= Solar map =

A solar map, in general, is a map of a city, state, country, or any piece of land that illustrates information about how much a certain piece of land, building, or home experiences a certain amount of sunlight. Though solar maps are illustrated in many forms, a solar map essentially records where and to what extent a certain location experiences a certain amount of sunlight or radiation. It normally combines topographic, meteorological, and sometimes financial data to help scholars or consumers and investors in promoting awareness of the potential of solar power.

== Different Forms of Solar Maps ==
Solar maps come in a variety of different forms. The form in which they appear mostly depends on the background of the person studying the map.
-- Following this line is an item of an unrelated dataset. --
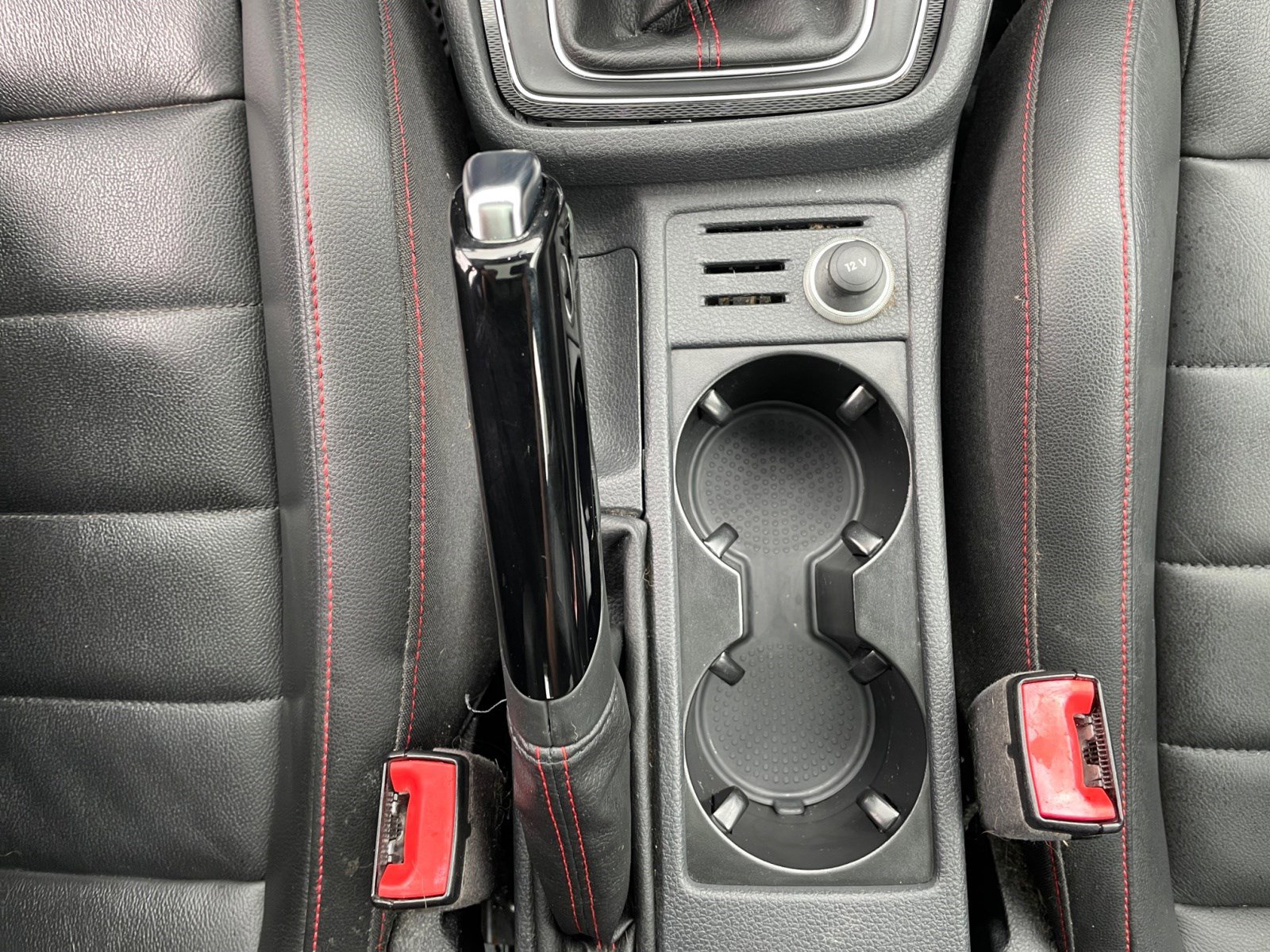2016 Volkswagen Golf GTI SE photo 22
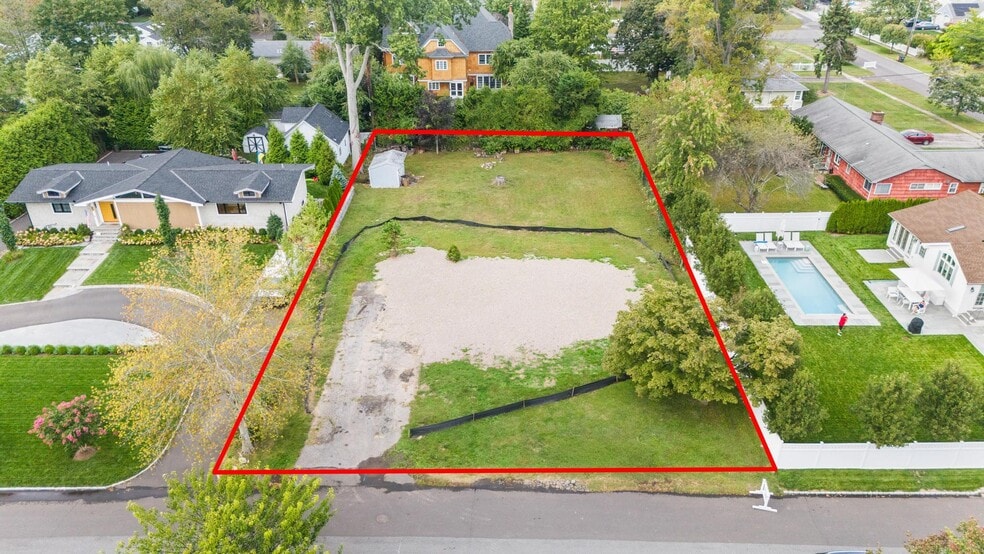 38 Cook Rd, Stamford, CT for sale - Building Photo - Image 2 of 11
=== Scholarly Solar maps ===
As the name implies, these maps are generally studied by scholars or people that come from an academic background. Solar maps in this form, for the most part, illustrate the extent to which a certain area experiences sunlight through the use of multiple shades and colors such as blue, green, yellow, red, and brown. These maps include quantitative data that shows specifically which regions of the map is experiencing certain specified amounts of solar energy or radiation from the sun. The regions(i.e. countries, towns, continents, cities etc.) that are illustrated in these solar maps may depend on the topic that the scholar studying. Normally, they are simple, and focused to prove a point that a scholar is making.

=== Interactive Solar Map ===
Unlike Scholarly Solar Maps, Interactive solar Maps are online and have a lot more detail and miscellaneous information. In most cases, these solar maps are constructed out of satellite images and allow internet users to zoom in and out of the map that they are viewing much in the way that Google Earth and Bing Aerial operates. In addition to this feature of these kinds of websites, the user is allowed to zoom in on a building, click on it, and receive data on the buildings solar potential, the amount of money that could be saved on the buildings electrical bills, the building's footprint, etc. On these websites of solar maps, there is the necessary amount of information so much that the internet user can reflect upon his own consumption and his own actions in deciding in pursuing cleaner and more eco-friendly alternatives of consuming electrical power.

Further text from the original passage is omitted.